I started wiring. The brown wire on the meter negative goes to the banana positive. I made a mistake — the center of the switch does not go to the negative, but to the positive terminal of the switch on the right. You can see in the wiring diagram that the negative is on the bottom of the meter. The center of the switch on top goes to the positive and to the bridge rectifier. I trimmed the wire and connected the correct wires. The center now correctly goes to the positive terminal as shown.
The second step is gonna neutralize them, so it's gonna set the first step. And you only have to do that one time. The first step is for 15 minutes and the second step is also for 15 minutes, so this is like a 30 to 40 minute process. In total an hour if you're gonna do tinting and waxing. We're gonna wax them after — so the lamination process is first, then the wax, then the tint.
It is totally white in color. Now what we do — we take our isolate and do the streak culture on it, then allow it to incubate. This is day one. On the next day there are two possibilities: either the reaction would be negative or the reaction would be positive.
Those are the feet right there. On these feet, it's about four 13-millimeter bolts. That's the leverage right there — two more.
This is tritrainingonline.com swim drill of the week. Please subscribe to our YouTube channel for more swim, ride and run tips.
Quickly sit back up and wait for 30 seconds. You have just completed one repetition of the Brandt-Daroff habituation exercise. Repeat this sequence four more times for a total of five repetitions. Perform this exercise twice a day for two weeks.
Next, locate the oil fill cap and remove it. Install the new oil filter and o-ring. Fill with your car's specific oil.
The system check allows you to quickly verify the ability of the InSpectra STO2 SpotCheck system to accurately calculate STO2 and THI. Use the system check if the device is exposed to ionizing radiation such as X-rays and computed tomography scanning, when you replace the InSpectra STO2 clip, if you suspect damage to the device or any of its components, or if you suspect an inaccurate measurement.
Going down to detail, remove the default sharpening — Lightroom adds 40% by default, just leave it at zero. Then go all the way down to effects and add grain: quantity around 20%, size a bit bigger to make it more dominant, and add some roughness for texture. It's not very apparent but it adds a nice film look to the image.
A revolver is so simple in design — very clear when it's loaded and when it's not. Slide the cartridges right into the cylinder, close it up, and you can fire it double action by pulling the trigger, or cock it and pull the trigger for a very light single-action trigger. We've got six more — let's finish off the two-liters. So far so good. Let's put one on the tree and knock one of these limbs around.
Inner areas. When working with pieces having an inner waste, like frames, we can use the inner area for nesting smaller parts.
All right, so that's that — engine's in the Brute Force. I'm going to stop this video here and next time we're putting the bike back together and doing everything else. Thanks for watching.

────────────────────────────────────────

• WHAT YOU HAVE TO DO:
Please transcribe the data above without changes, from its first line to its "It is totally" line, and leave out anything past that.

• YOUR RESPONSE:
I started wiring. The brown wire on the meter negative goes to the banana positive. I made a mistake — the center of the switch does not go to the negative, but to the positive terminal of the switch on the right. You can see in the wiring diagram that the negative is on the bottom of the meter. The center of the switch on top goes to the positive and to the bridge rectifier. I trimmed the wire and connected the correct wires. The center now correctly goes to the positive terminal as shown.
The second step is gonna neutralize them, so it's gonna set the first step. And you only have to do that one time. The first step is for 15 minutes and the second step is also for 15 minutes, so this is like a 30 to 40 minute process. In total an hour if you're gonna do tinting and waxing. We're gonna wax them after — so the lamination process is first, then the wax, then the tint.
It is totally white in color. Now what we do — we take our isolate and do the streak culture on it, then allow it to incubate. This is day one. On the next day there are two possibilities: either the reaction would be negative or the reaction would be positive.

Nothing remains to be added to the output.